Hugh feared something might happen to his prisoner who, in addition to being a Protestant, was a veteran of the Great War - and bumping off ex-servicemen had turned into something of a national sport at the time. Hugh and a couple of colleagues returned to the barracks.

"It was long dark by the time we got there," he wrote later. "The prisoner was reluctant to come with us, thinking he was being taken out to be shot. Before we left town he was in a bad way. We procured brandy in a licensed premises in Upper Main Street, which he drank. It had the desired effect. We went through Ballyjamesduff at a late hour and stopped the car within 50 yards of his home, in which there was a light. He got out of, the car, shook hands, turned and ran towards the house, shouting and repeating `Mammy, I'm home'."

Who was that Protestant whom Hugh Maguire rescued and set free? Do his descendants live in Cavan to this day?

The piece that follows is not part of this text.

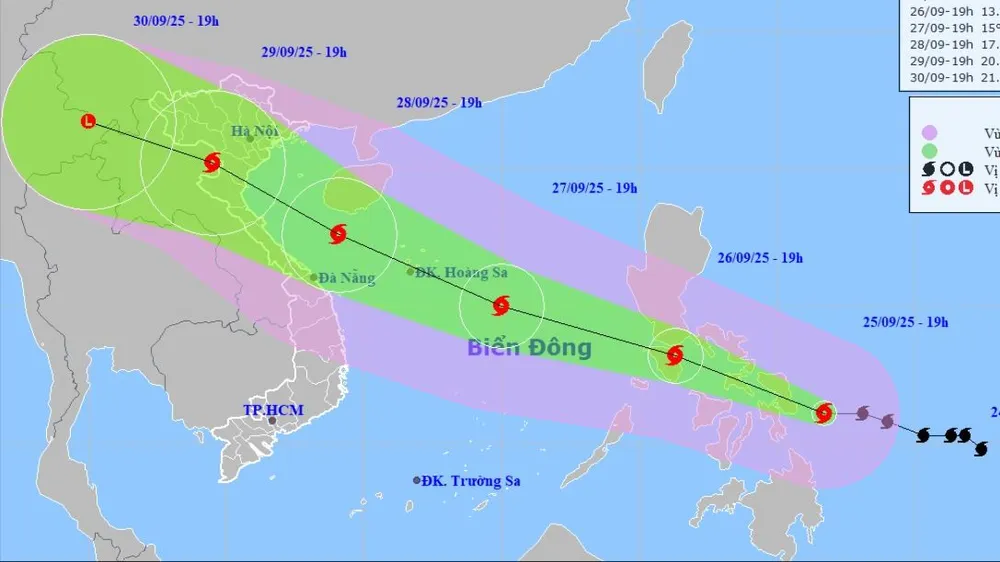 Bão Bualoi sẽ đi vào khu vực giữa Biển Đông vào đêm 26-9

Do they know of the night he was taken captive by the IRA and held in a barracks where he was in danger from Belfast IRA men? Do they know how he was taken by other IRA men, led by Hugh Maguire, from his prison cell, plied with brandy, and released outside his mother's front door so that he could shout: "Mammy, I'm home"?

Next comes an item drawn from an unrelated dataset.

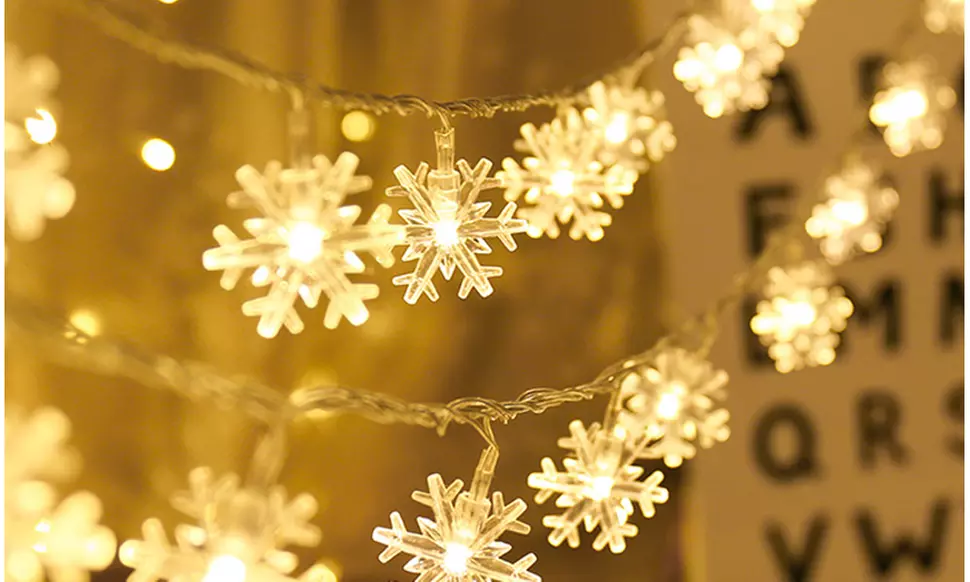 Battery Operated LED Snowflake Fairy String Lights - Primary Image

Throughout Ireland that year other men fell into hands less civilised and decent than Hugh Maguire's, and they did not return to their mothers that night, or any other. Hugh ensured that a young man stayed alive that night: was it some form of reward that another 75 years of life lay ahead for the rescuer?

Young Lieutenant

When the Free State Army was formed, Hugh was commissioned into it, and as a young lieutenant a couple of years later he was in charge of Eamon de Valera in Arbour Hill prison and, typically, befriended him, even teaching him to play chess. It says something about Dev's character, and Hugh's, that the prisoner would summon his jailer with a bell each morning.

Most people in Hugh's position no doubt would have found somewhere to put the bell where it would ring with difficulty. Hugh, if he was tempted to lodge the bell in such a place, restrained himself.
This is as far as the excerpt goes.